● Data block:
::::::
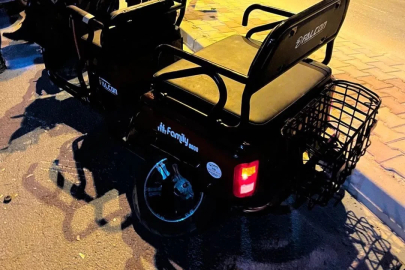 Otomobil ile üç tekerlekli motosiklet çarpıştı: 2 yaralı
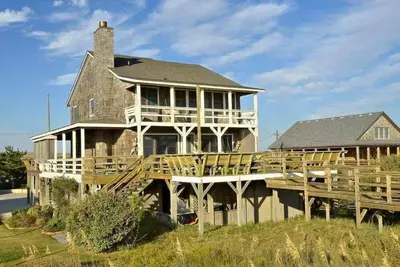 Image de Gorgeous old nags head oceanfront home with spacious decks and beautiful views!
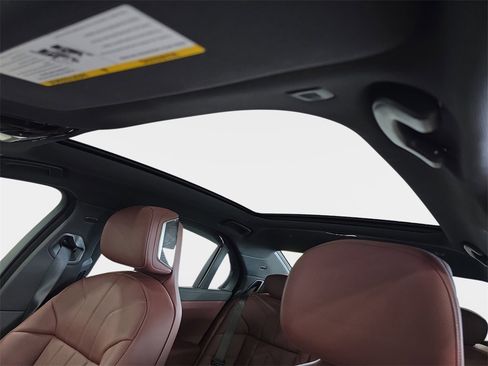 Certified 2023 BMW 760i xDrive w/ Executive Package image 28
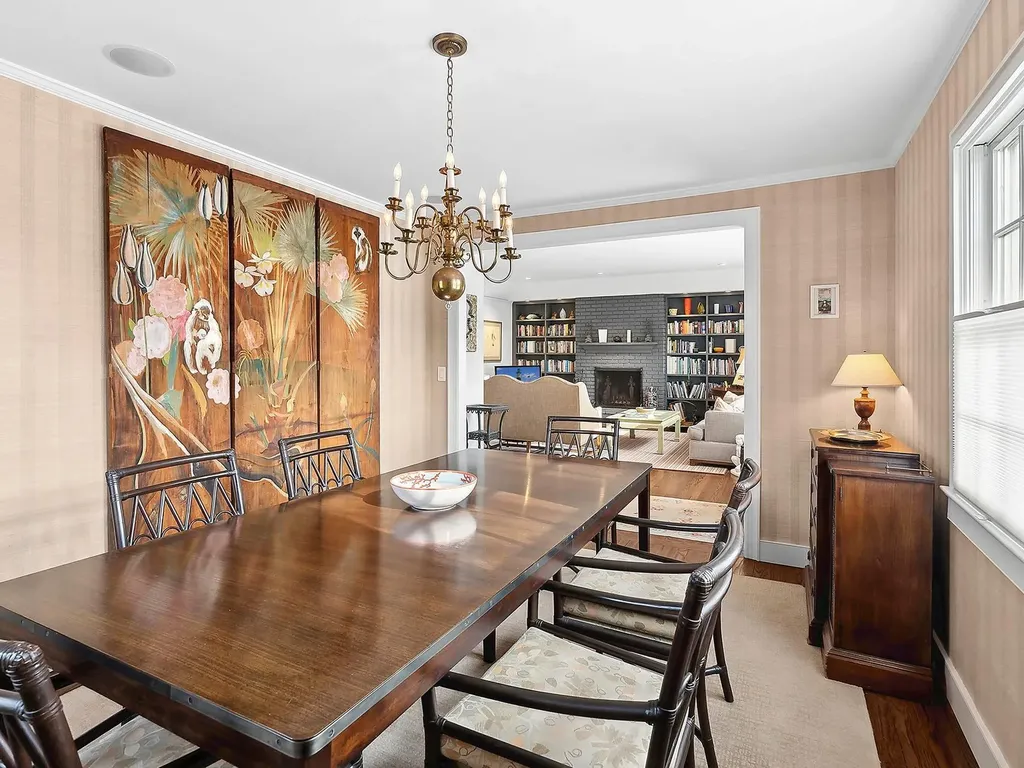 51 Cooper Street Southampton NY 11968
::::::
● Your task: Restate every line of the data above word for word, with the images removed.

● Answer to this problem:
 Otomobil ile üç tekerlekli motosiklet çarpıştı: 2 yaralı
 Image de Gorgeous old nags head oceanfront home with spacious decks and beautiful views!
 Certified 2023 BMW 760i xDrive w/ Executive Package image 28
 51 Cooper Street Southampton NY 11968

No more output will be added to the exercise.